◆ Work request ◆
With the pictures omitted, set down exactly the lines from the one that contains "2024 Audi A3" through the last line of the data.

● ● ● ● ● ● ●

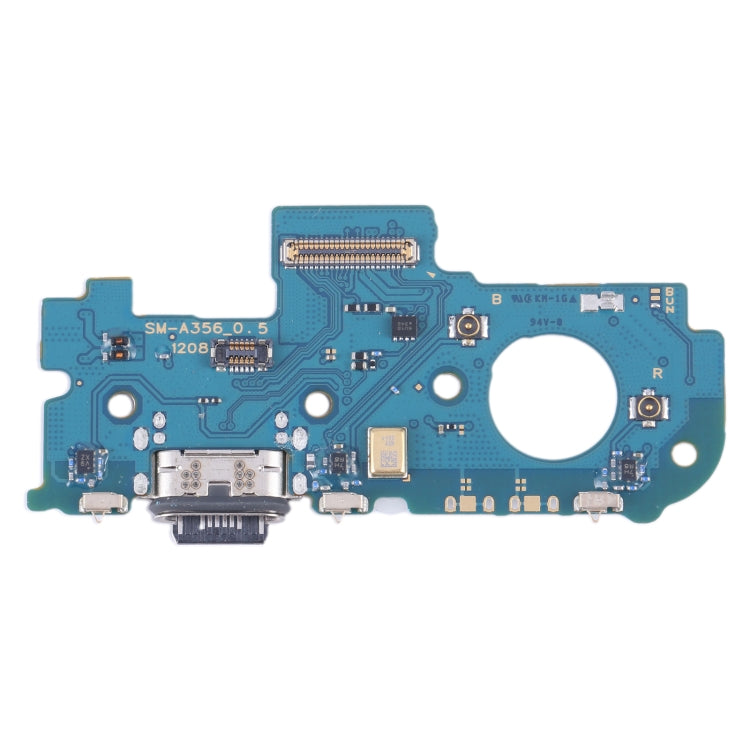 Scheda porta di ricarica per Samsung Galaxy A35 5G originale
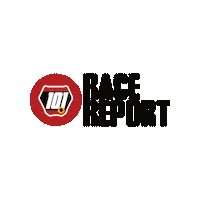 Logo Motocross Sticker by Jude Morris Racing Foundation
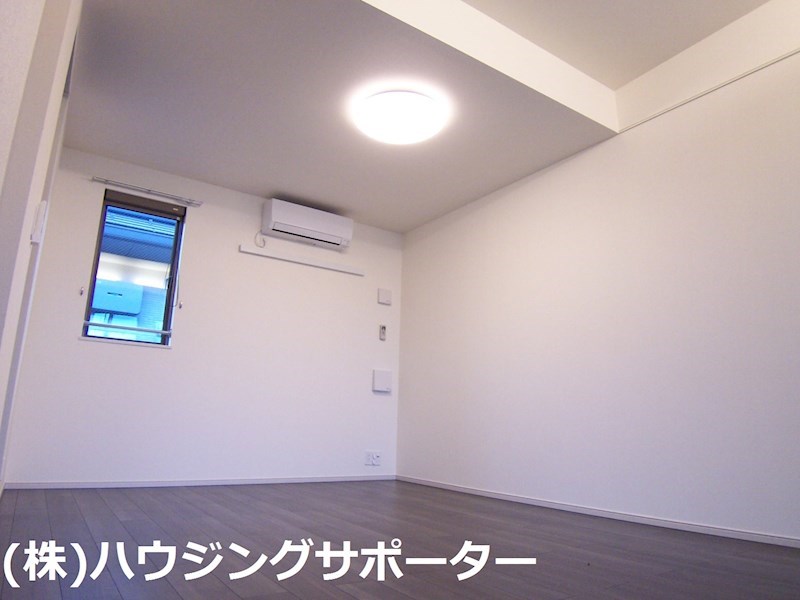 その他部屋・スペース：2面採光です！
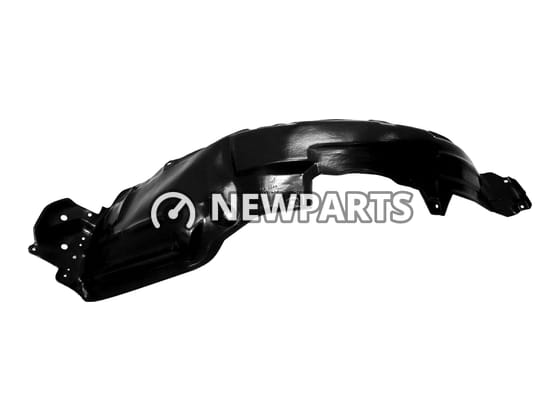 შხეფამრიდი Toyota RAV4 2013–2015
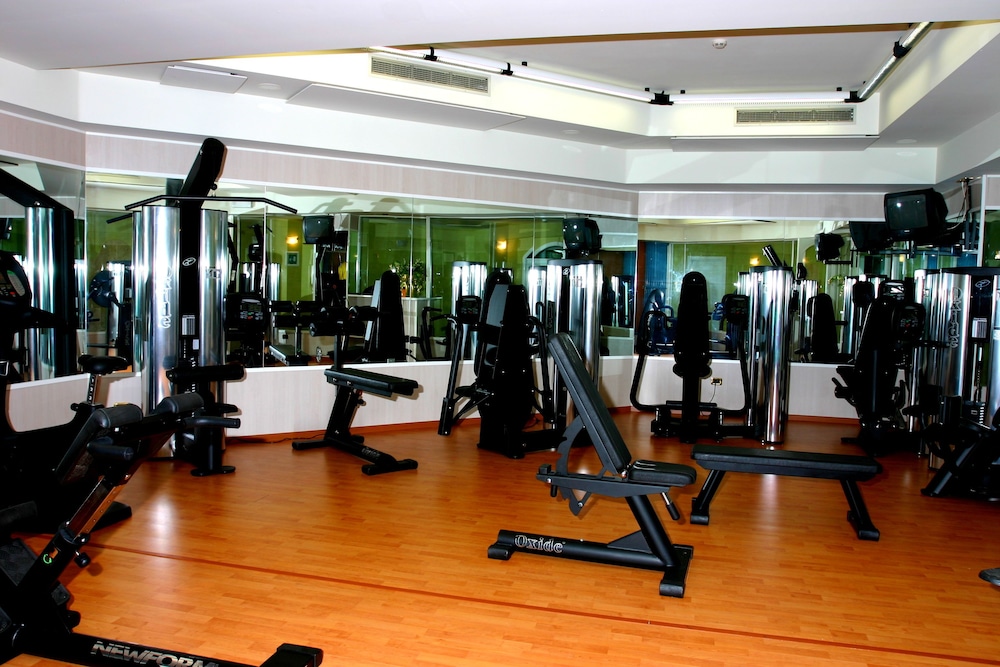 Afrodite Boutique Hotel 44/64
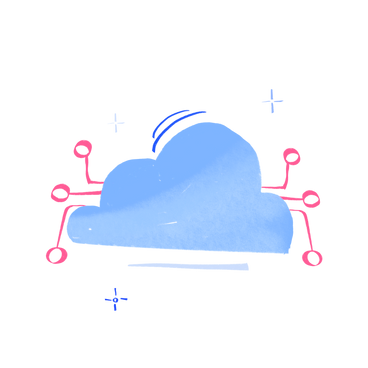 Cloud-speicher PNG, SVG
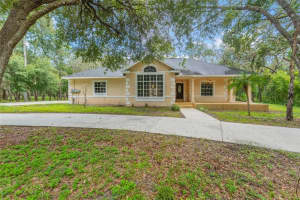 12316 KITTEN TRAIL, HUDSON, FL 34669 Sold 08/29/25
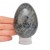 * KWARC NIEBIESKI PIĘKNE JAJKO INTERESUJĄCY MINERAŁ NR EGG68 *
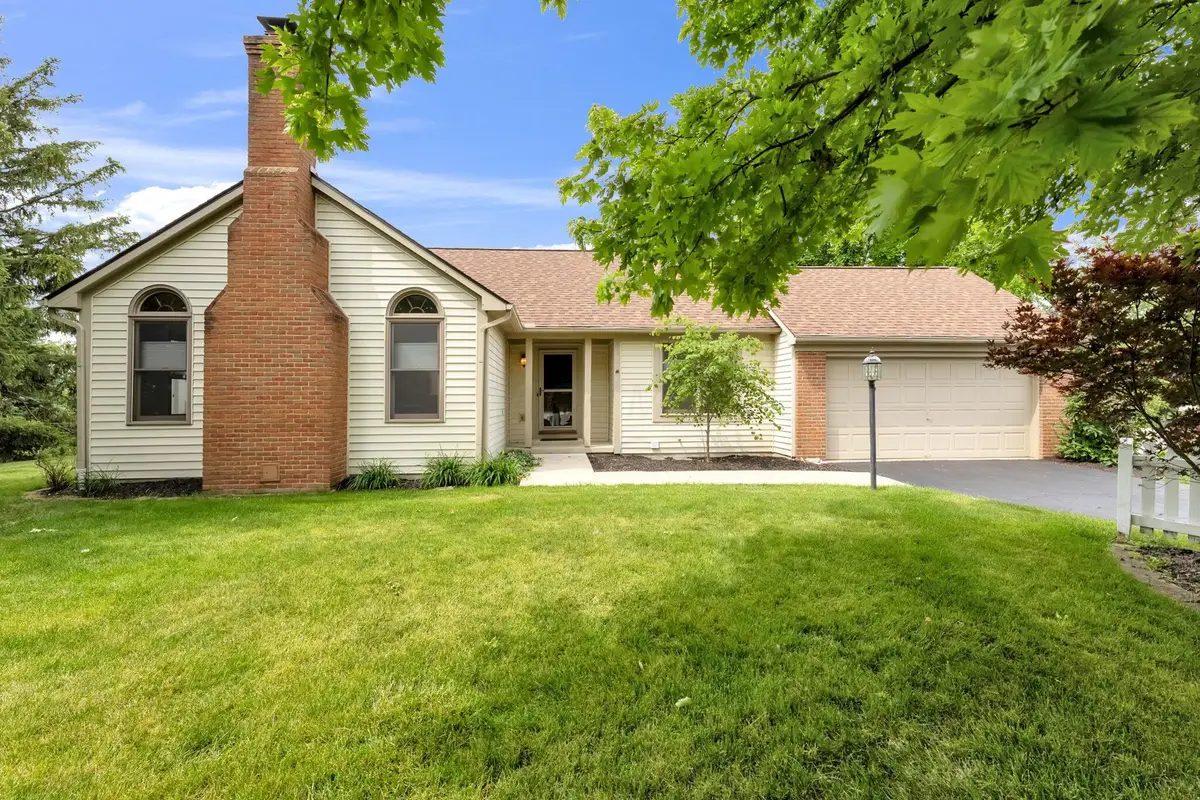 5295 Guinness Court, Dublin, OH 43017 - #1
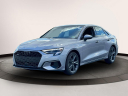 2024 Audi A3 quattro Premium 40 TFSI at Volkswagen World of Newton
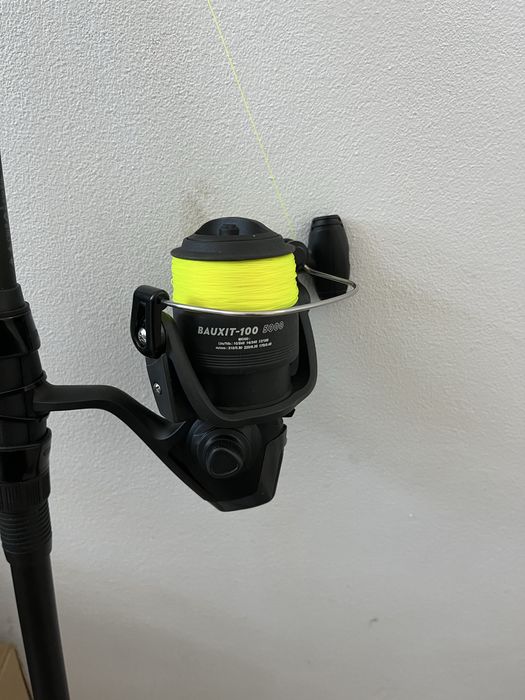 Вдице и макари и стойка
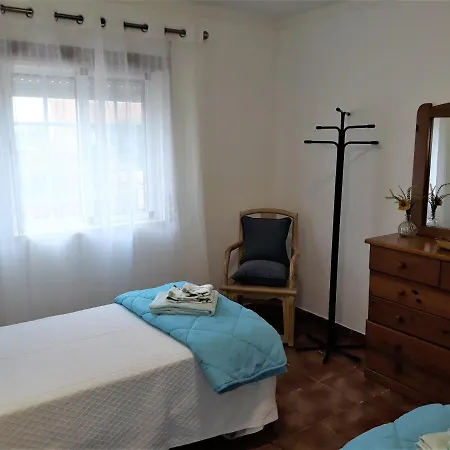 Casa Branca Do Moinho *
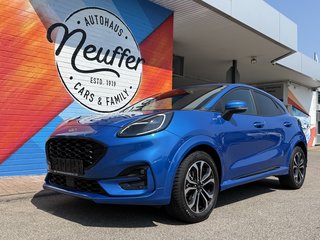 Ford Puma Gebrauchtwagen Kaufen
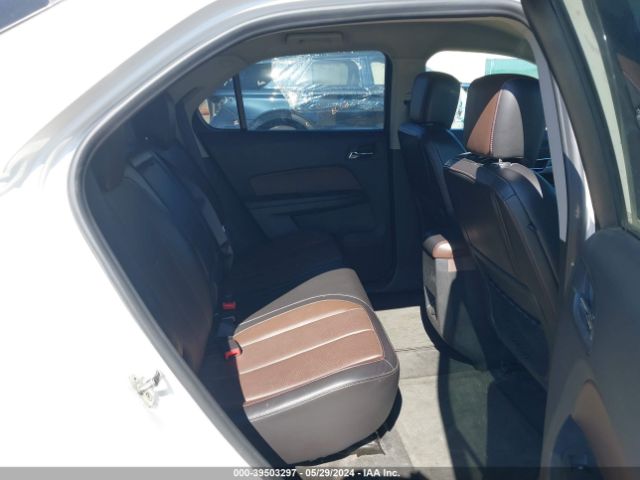 1GNFLHEK0FZ115123 Chevrolet Equinox Ltz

● ● ● ● ● ● ●

◆ Response box ◆
 2024 Audi A3 quattro Premium 40 TFSI at Volkswagen World of Newton
 Вдице и макари и стойка
 Casa Branca Do Moinho *
 Ford Puma Gebrauchtwagen Kaufen
 1GNFLHEK0FZ115123 Chevrolet Equinox Ltz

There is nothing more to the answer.